### Task item:
Read through the listing, and wherever a line holds the word "Photo", return it.

### Provided information:
⟨

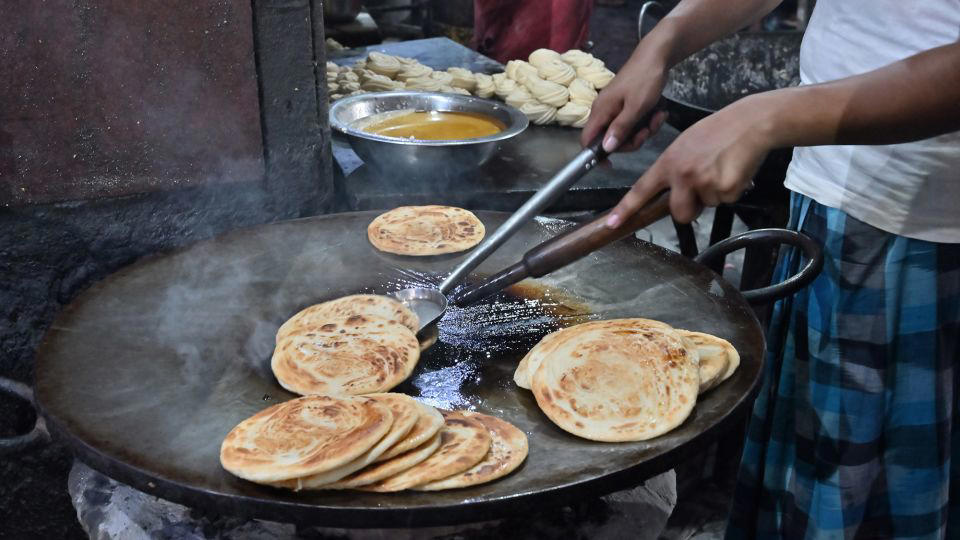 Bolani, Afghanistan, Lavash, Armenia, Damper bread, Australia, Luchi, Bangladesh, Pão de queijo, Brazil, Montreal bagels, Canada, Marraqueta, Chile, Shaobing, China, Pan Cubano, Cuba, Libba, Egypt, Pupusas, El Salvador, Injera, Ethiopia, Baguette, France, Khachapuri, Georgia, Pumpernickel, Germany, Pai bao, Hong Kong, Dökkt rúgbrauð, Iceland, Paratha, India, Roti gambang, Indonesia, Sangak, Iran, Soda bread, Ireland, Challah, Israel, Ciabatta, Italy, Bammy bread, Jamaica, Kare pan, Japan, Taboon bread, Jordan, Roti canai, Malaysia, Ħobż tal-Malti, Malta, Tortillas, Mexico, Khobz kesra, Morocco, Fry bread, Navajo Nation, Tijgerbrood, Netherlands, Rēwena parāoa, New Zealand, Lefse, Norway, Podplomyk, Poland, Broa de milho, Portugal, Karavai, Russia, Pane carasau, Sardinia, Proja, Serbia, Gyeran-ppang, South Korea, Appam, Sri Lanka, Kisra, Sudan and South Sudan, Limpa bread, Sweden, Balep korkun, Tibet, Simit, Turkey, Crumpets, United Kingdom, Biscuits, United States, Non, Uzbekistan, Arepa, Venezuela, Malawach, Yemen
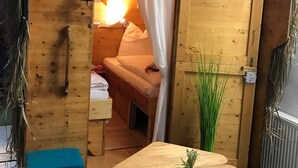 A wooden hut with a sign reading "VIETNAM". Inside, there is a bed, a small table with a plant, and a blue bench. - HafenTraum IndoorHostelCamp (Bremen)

⟩
⟨

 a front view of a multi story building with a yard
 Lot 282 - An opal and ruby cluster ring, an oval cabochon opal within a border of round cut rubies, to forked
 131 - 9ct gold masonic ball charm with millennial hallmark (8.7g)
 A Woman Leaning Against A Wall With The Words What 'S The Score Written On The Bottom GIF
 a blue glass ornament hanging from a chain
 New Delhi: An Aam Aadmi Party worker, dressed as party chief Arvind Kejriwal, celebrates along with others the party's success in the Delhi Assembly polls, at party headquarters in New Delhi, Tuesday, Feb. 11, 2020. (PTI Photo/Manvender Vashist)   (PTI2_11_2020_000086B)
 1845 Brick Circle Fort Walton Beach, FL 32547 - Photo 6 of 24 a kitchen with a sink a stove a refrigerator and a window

⟩

### Written solution:
 New Delhi: An Aam Aadmi Party worker, dressed as party chief Arvind Kejriwal, celebrates along with others the party's success in the Delhi Assembly polls, at party headquarters in New Delhi, Tuesday, Feb. 11, 2020. (PTI Photo/Manvender Vashist)   (PTI2_11_2020_000086B)
 1845 Brick Circle Fort Walton Beach, FL 32547 - Photo 6 of 24 a kitchen with a sink a stove a refrigerator and a window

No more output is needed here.